Linux Kernel稳定性-Panic捕获

105 阅读5分钟

【原创声明】:本文系原创作品,谢绝任何形式的未经授权的转载。如需转载,请先私信联系我获取许可,谢谢合作!

一、引言

在嵌入式系统开发中,Linux 内核的稳定性至关重要。然而,在嵌入式设备中,由于CPU内存资源有限、外设种类繁多、系统不断更新迭代,内核崩溃(Kernel Panic)仍然是一种难以完全避免的情况。一旦系统发生崩溃,常规日志机制(如 dmesg、串口输出)可能因为系统已进入不可恢复状态而无法正常工作,从而导致关键的崩溃信息丢失。使得问题定位变得极其困难,也大幅增加了Bug fix调试成本。

为了解决这一痛点,Linux 内核提供了kexec机制。核心思想是在系统正常运行时预留出一块内存区域,并同时加载一个精简版的“捕获内核”(capture kernel)。当主内核发生 Panic 时,它会通过kexec -p切换到这个捕获内核,从而让系统完成对主内核(已发生Kernel Panic)的崩溃现场收集工作,有效避免崩溃信息的丢失。

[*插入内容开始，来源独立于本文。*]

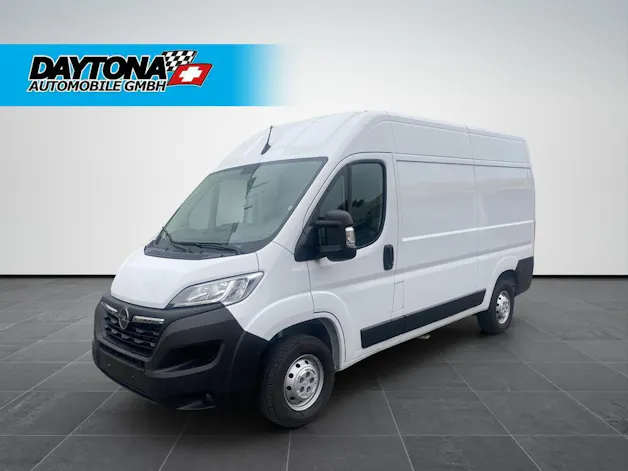 OPEL Movano 2.2 d 3,5t L2H2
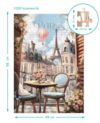 Пазл Міста Париж 300650 Ціна (цена) 161.05грн. | придбати купити (купить) Пазл Міста Париж 300650 доставка по Украине, купить книгу, детские игрушки, компакт диски 3 Пазл Міста Париж 300650 Ціна (цена) 161.05грн. | придбати купити (купить) Пазл Міста Париж 300650 доставка по Украине, купить книгу, детские игрушки, компакт диски 3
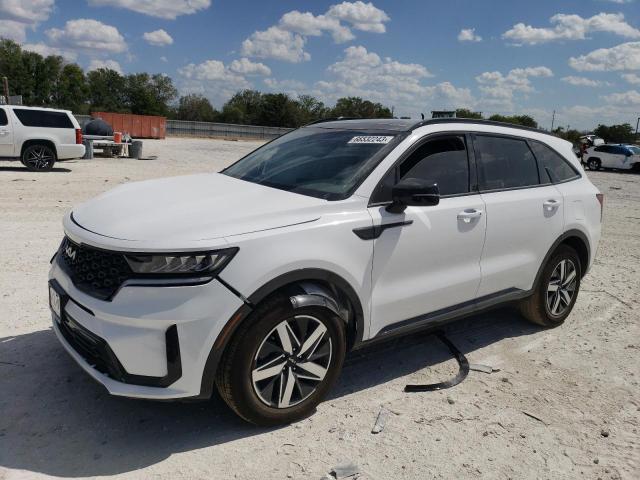 KIA SORENTO 2023 5xyrl4lc8pg214623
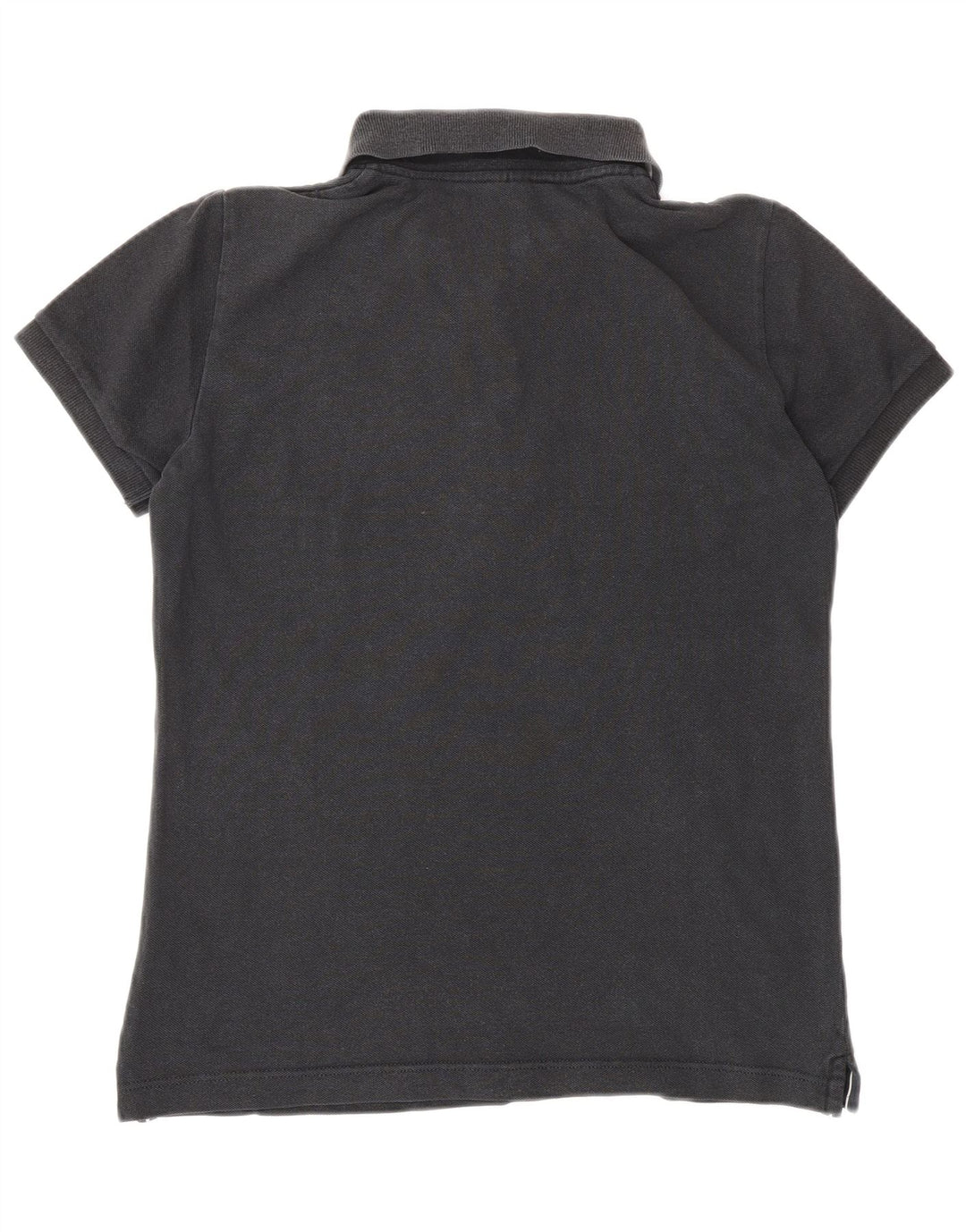 Polo da donna MARINA YACHTING UK 14 grande cotone nero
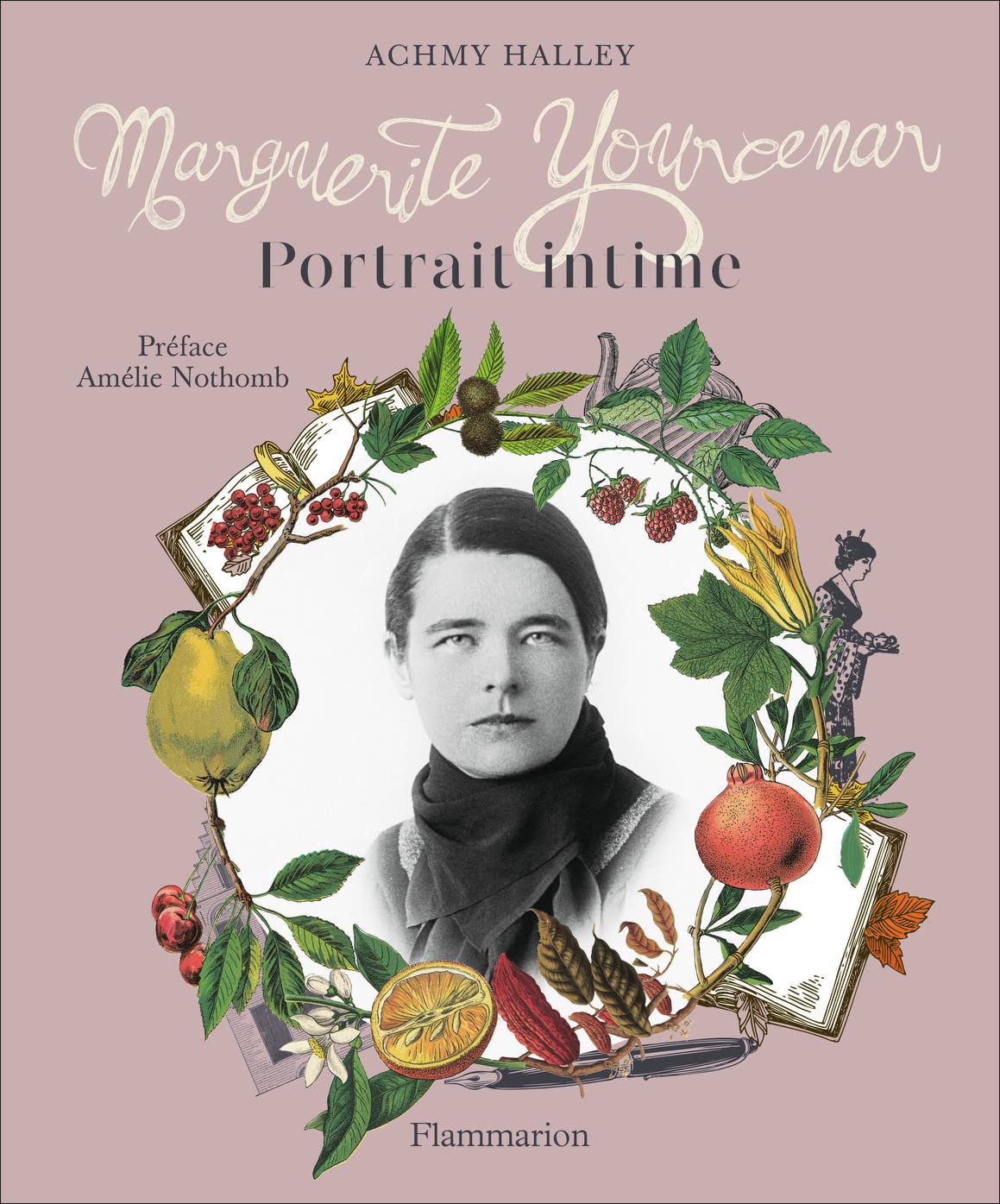 Marguerite Yourcenar: portrait intime Memories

本文将以 迅为(RK3588s)开发板 为示例平台,演示如何使用 kexec -p 抓取内核崩溃的 dump 文件并上传到 FTP 服务器。从而完成日志自动收集与上传,方便快速分析定位线上内核崩溃。

二、主内核配置

1. 添加依赖的内核配置选项

CONFIG_KEXEC=y
CONFIG_KEXEC_FILE=y
CONFIG_CRASH_DUMP=y
CONFIG_PROC_KCORE=y
CONFIG_DEBUG_FS=y
CONFIG_DEBUG_FS_ALLOW_ALL=y

2. 修改内核文件

arch/arm64/kernel/machine_kexec.c

machine_kexec_mask_interrupts的作用是在 kexec 进入第二内核前,清除全部中断状态(设置为inactive)。Rockchip中但是有些中断会导致irq_set_irqchip_state卡死,因此注释掉irq_set_irqchip_state直接使用EOI(End of Interrupt)代替 irq_set_irqchip_state(i, IRQCHIP_STATE_ACTIVE, false)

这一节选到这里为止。